(Brief descriptive captions)
======

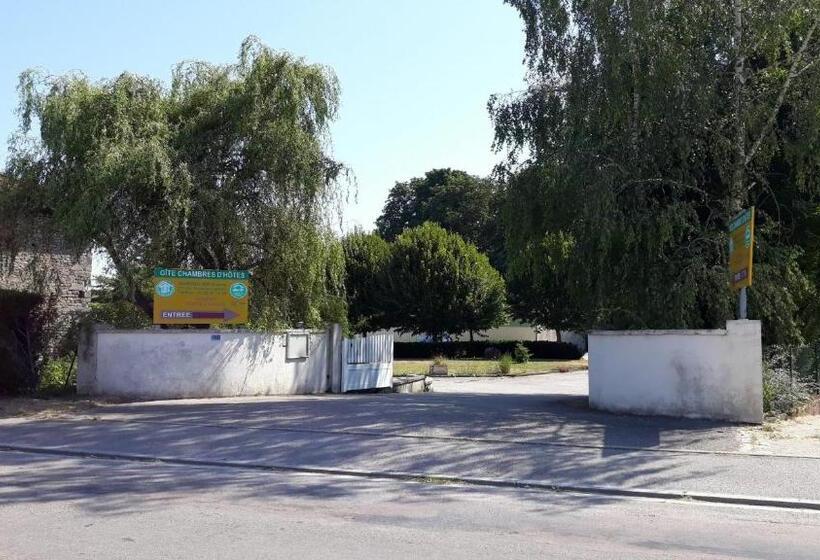 Номер Стандарт, Chez Pierre
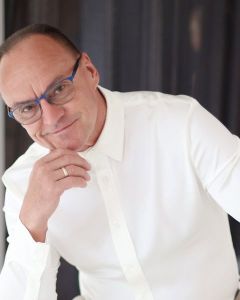 Balti šilkiniai marškiniai — vyrams, kurie žino, kad tikra prabanga slypi paprastume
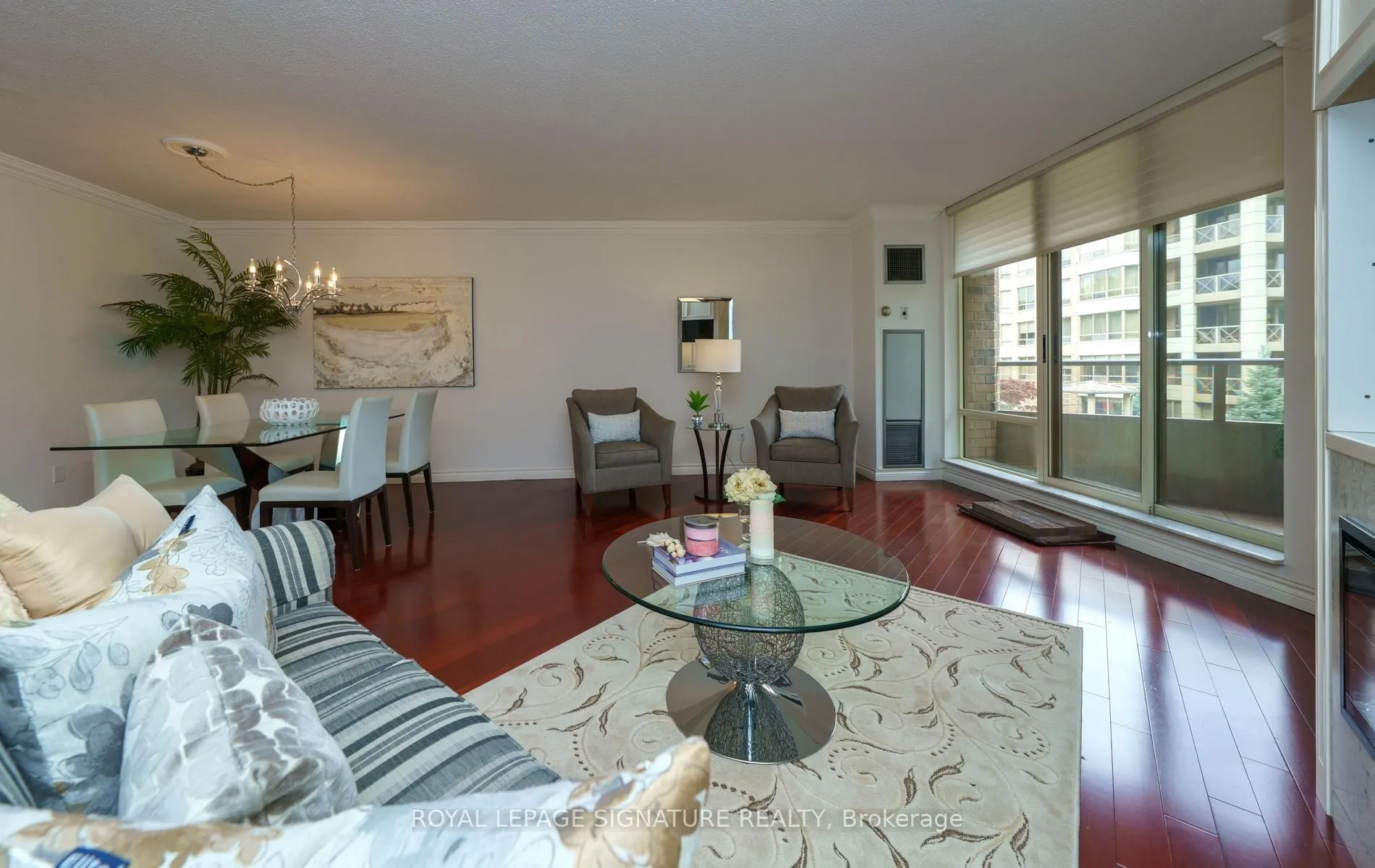 215 The Donway West W #216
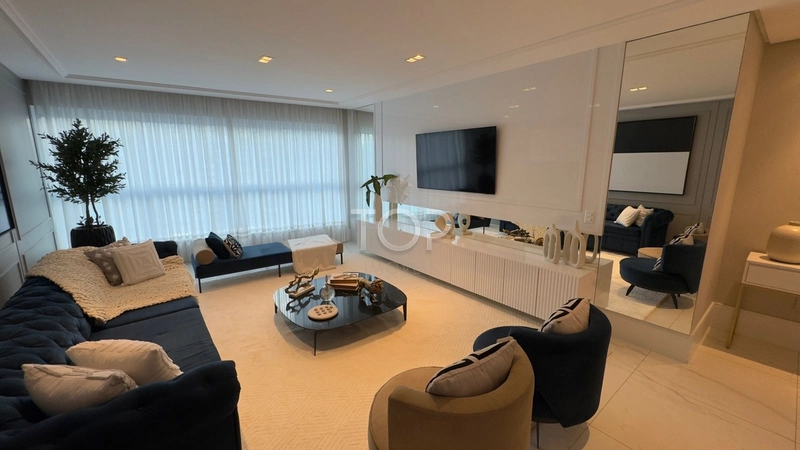 FRENTE MAR MOBILIADO EM MEIA PRAIA: 15ª foto da galeria de imagens do imóvel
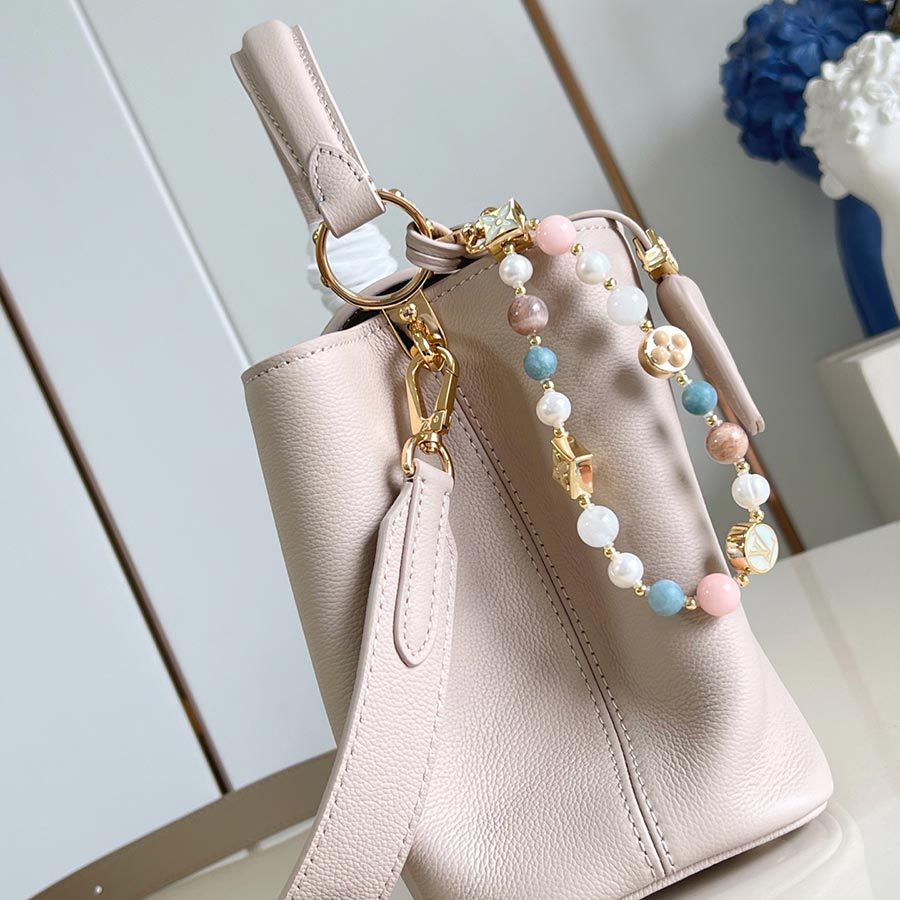 Louis Vuitton Capucines Souple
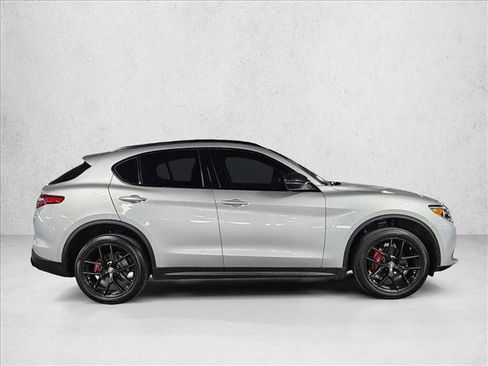 Used 2020 Alfa Romeo Stelvio w/ Nero Edizione image 4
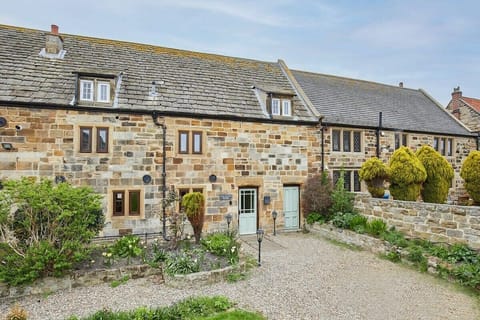 The Coach House, Whitby - Host & Stay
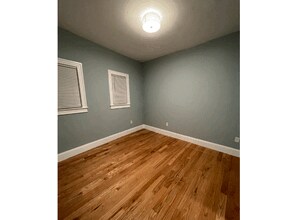 73 Pearl St in Somerville, MA - Foto de edificio - Building Photo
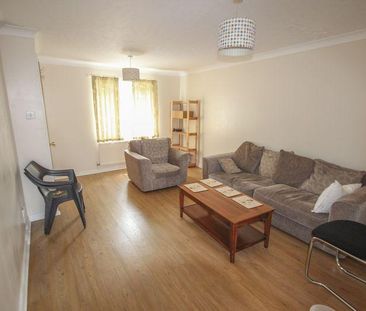 3 bedroom terraced house to rent - Photo 5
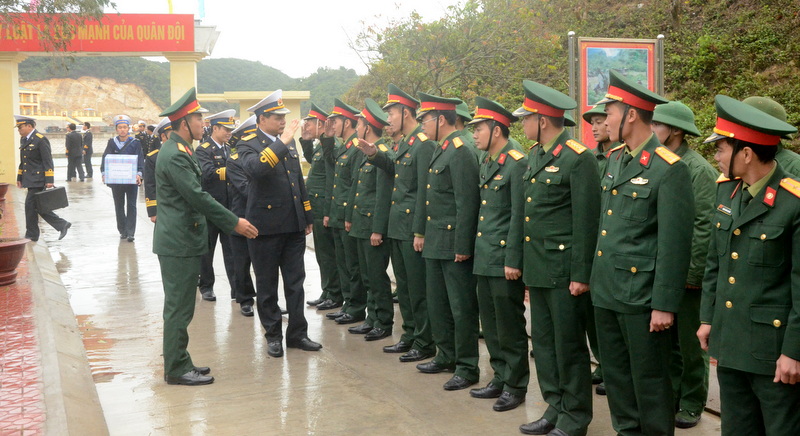 Tới thăm hỏi và giao lưu với các chiến sỹ Tiểu đoàn phòng thủ đảo Trần thuộc Lữ đoàn 242, quân khu 3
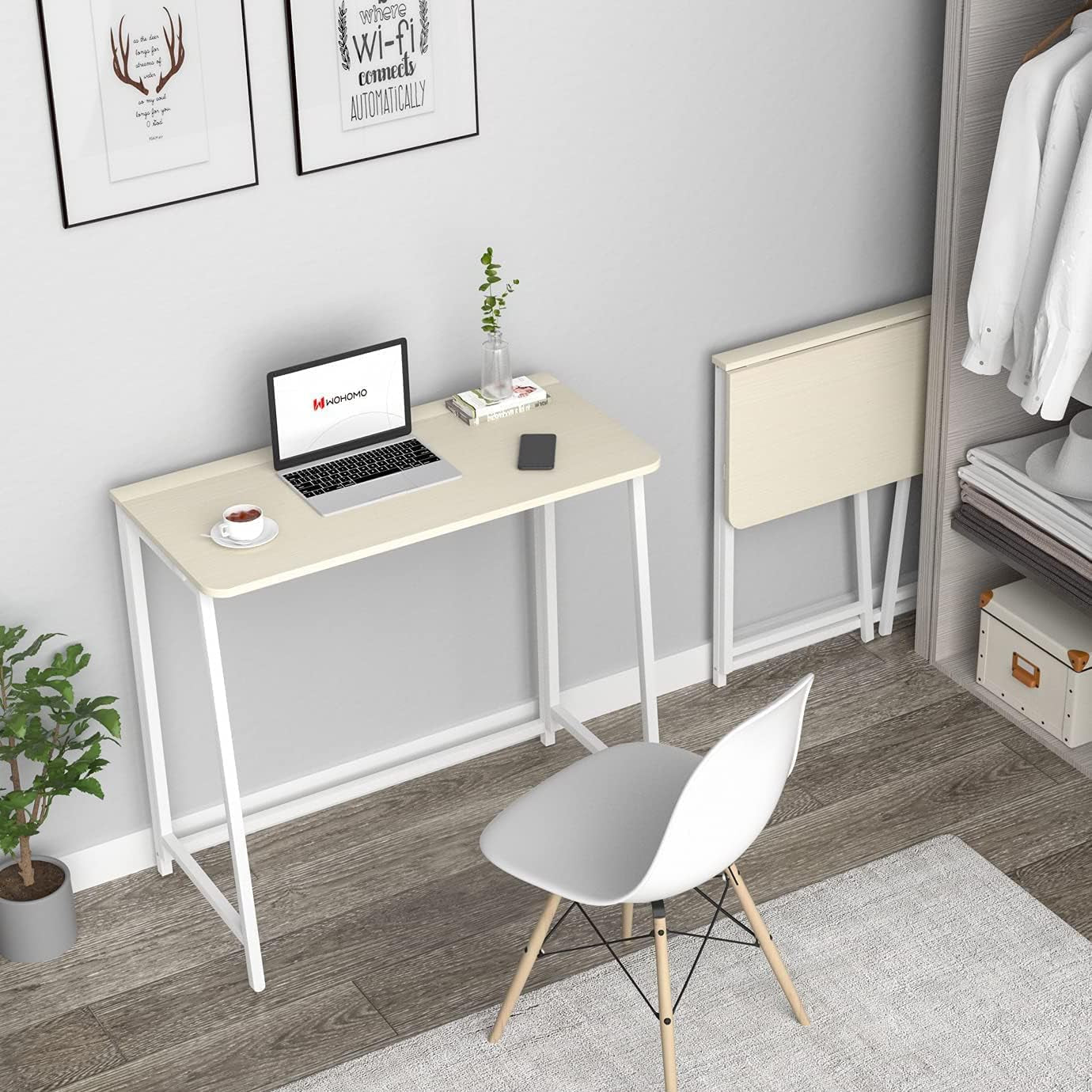 Folding Desk, Small Foldable Desk 31.5" for Small Spaces, Space Saving Computer Table Writing Workstation for Home Office, Easy Assembly, Oak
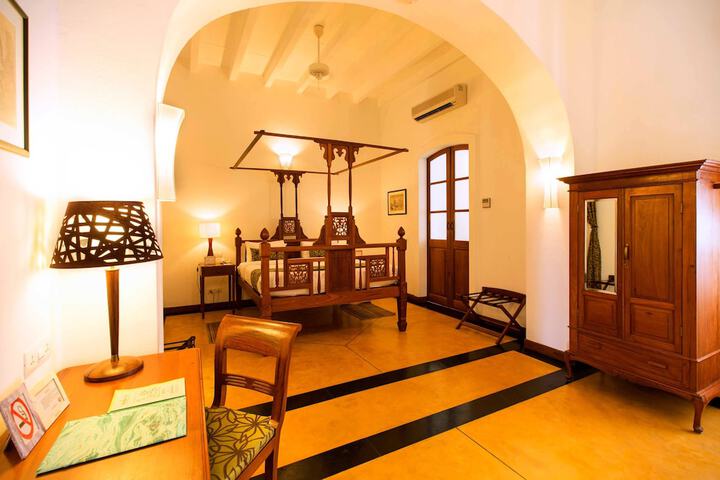 Room 10 of 59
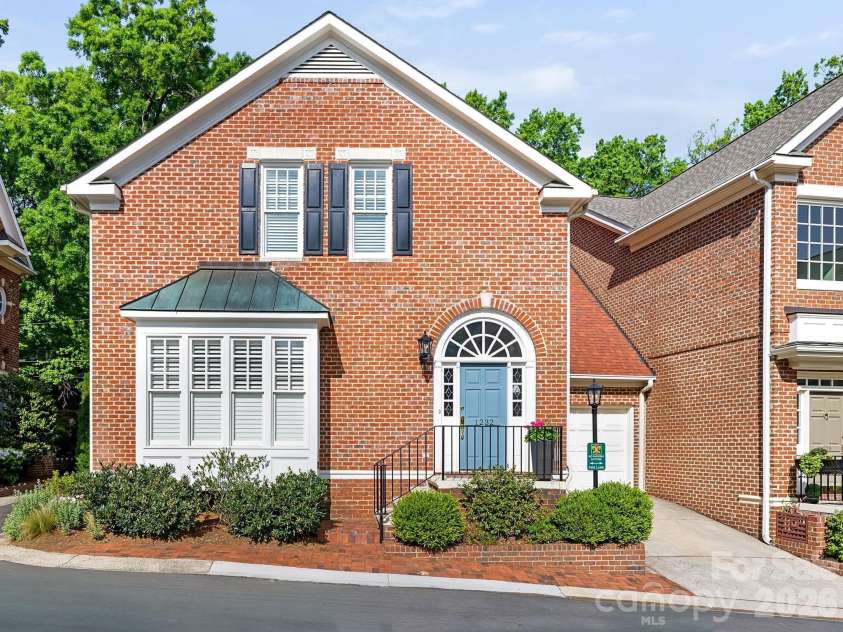 1232 Dilworth Crescent Row, Charlotte, NC 28203.  MLS# CAR4369704, YatesRealty ID 19495. 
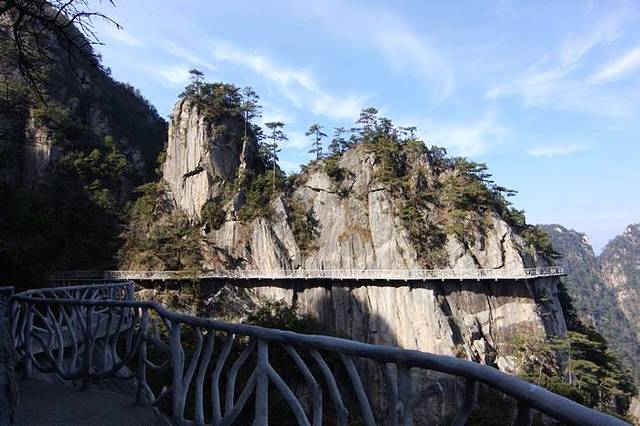 大明山悬空栈道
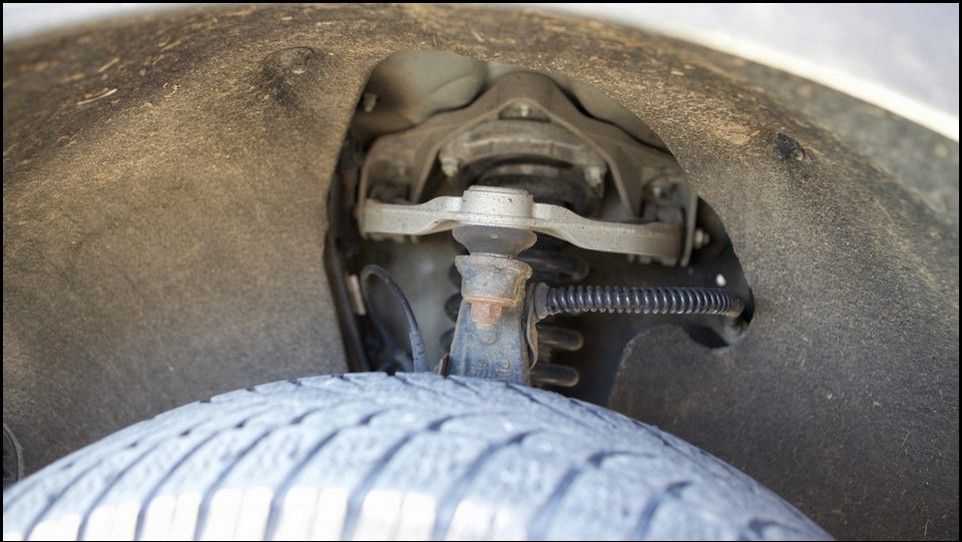 Volkswagen Touareg inspection front left suspension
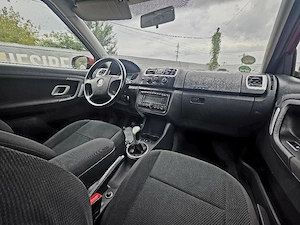 Skoda fabia 2 An 2007..1.4 MPI benzina 85 cp euro 4... aer condiționat funcțional - imagine 8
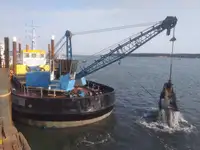 Kapal dredger kanggo didol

======

YOUR GOAL:
Leave the images aside and return the records above exactly as written.

TASK ANSWER:
 Номер Стандарт, Chez Pierre
 Balti šilkiniai marškiniai — vyrams, kurie žino, kad tikra prabanga slypi paprastume
 215 The Donway West W #216
 FRENTE MAR MOBILIADO EM MEIA PRAIA: 15ª foto da galeria de imagens do imóvel
 Louis Vuitton Capucines Souple
 Used 2020 Alfa Romeo Stelvio w/ Nero Edizione image 4
 The Coach House, Whitby - Host & Stay
 73 Pearl St in Somerville, MA - Foto de edificio - Building Photo
 3 bedroom terraced house to rent - Photo 5
 Tới thăm hỏi và giao lưu với các chiến sỹ Tiểu đoàn phòng thủ đảo Trần thuộc Lữ đoàn 242, quân khu 3
 Folding Desk, Small Foldable Desk 31.5" for Small Spaces, Space Saving Computer Table Writing Workstation for Home Office, Easy Assembly, Oak
 Room 10 of 59
 1232 Dilworth Crescent Row, Charlotte, NC 28203.  MLS# CAR4369704, YatesRealty ID 19495. 
 大明山悬空栈道
 Volkswagen Touareg inspection front left suspension
 Skoda fabia 2 An 2007..1.4 MPI benzina 85 cp euro 4... aer condiționat funcțional - imagine 8
 Kapal dredger kanggo didol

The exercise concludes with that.